Understanding Youth Development Work
This paper defines youth development in clear, practical terms. Written by Joyce Walker and Trudy Dunham on behalf of the faculty at the Center for 4-H Youth Development, University of Minnesota, 270b McNamera Center, 200 Oak Street SE, Minneapolis, MN 55455. Phone: 612-624-2116 or 1-800-444-4238.
What is Youth Development?
Youth development is the process of growing up and developing one's capacities in positive ways. This typically takes place in the context of the family, the peer group, the school, and the neighborhood or community.

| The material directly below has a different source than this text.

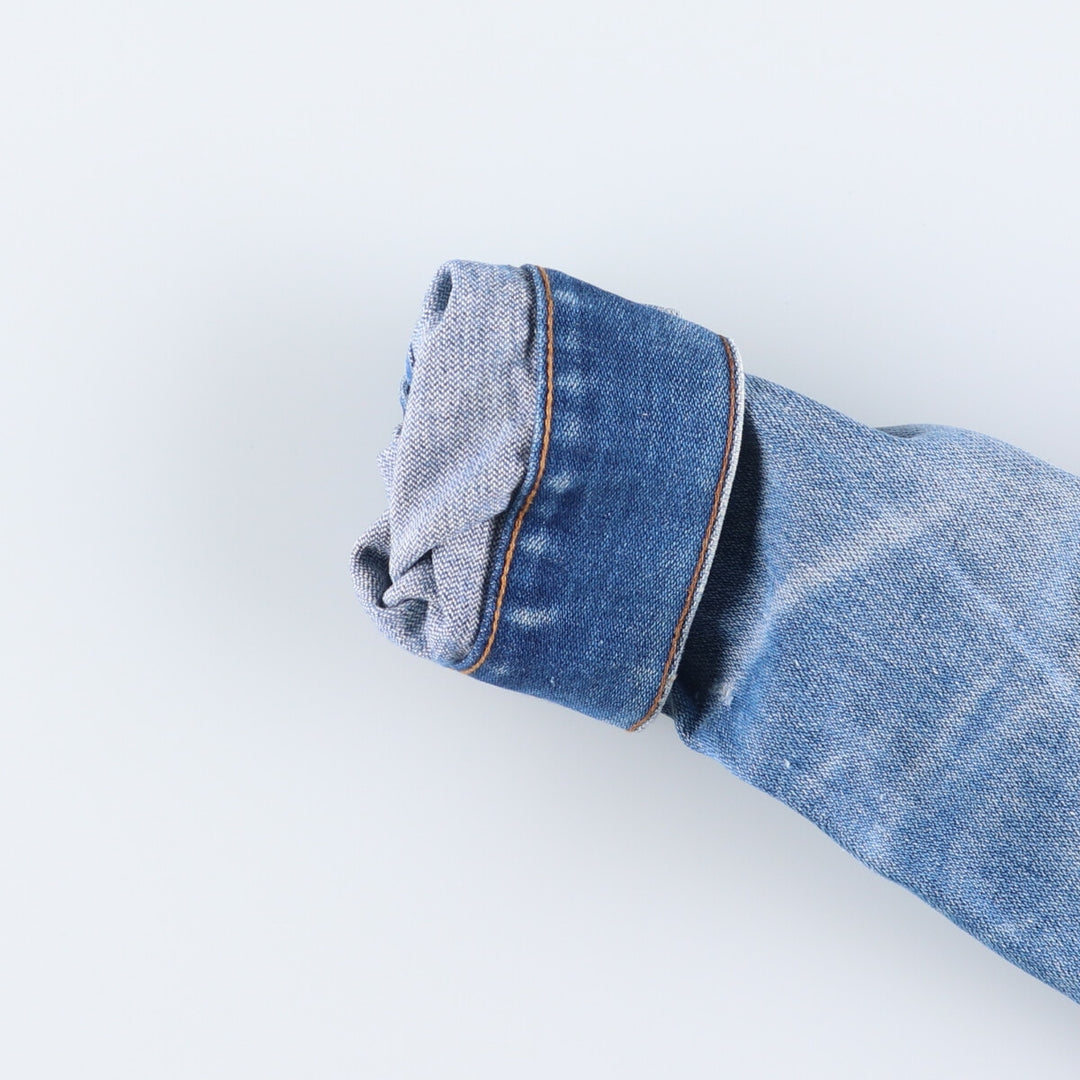 80'S Wrangler Black Tag Denim Jacket, G-Jean, Made in USA, Men's M Size, Vintage /eaa521126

Many young people do not have the advantages that promote optimal, healthy development of the body, mind, and spirit. Many youth do not have opportunities to experience positive stimulation for growth or nurturing support from family, friends, and community. Youth development is a natural process, but it cannot be left to chance. As the Youth Development Committee of the Lilly Endowment noted (Pittman, June 1991):
"Youth development ought not to be viewed as a happenstance matter. While children can, and often do, make the best of difficult circumstances, they cannot be sustained and helped to grow by chance arrangements or makeshift events. Something far more intentional is required: a place, a league, a form of association, a gathering of people where value is placed on continuity, predictability, history, tradition, and a chance to test out new behaviors."
What is a Youth Development Organization?
A youth development organization exists to promote the positive, healthy development of young people. Youth development organizations are different from agencies and systems that exist to provide social control, treatment, or training for young people. The socialization of youth is the youth organization's primary task (Pittman, 1993). Their mission is to provide the challenges, experiences, support, and help young people need to develop to their fullest potential. These community-based organizations work to meet needs in the environment and enhance the learning experiences of young people. No single organization does it all.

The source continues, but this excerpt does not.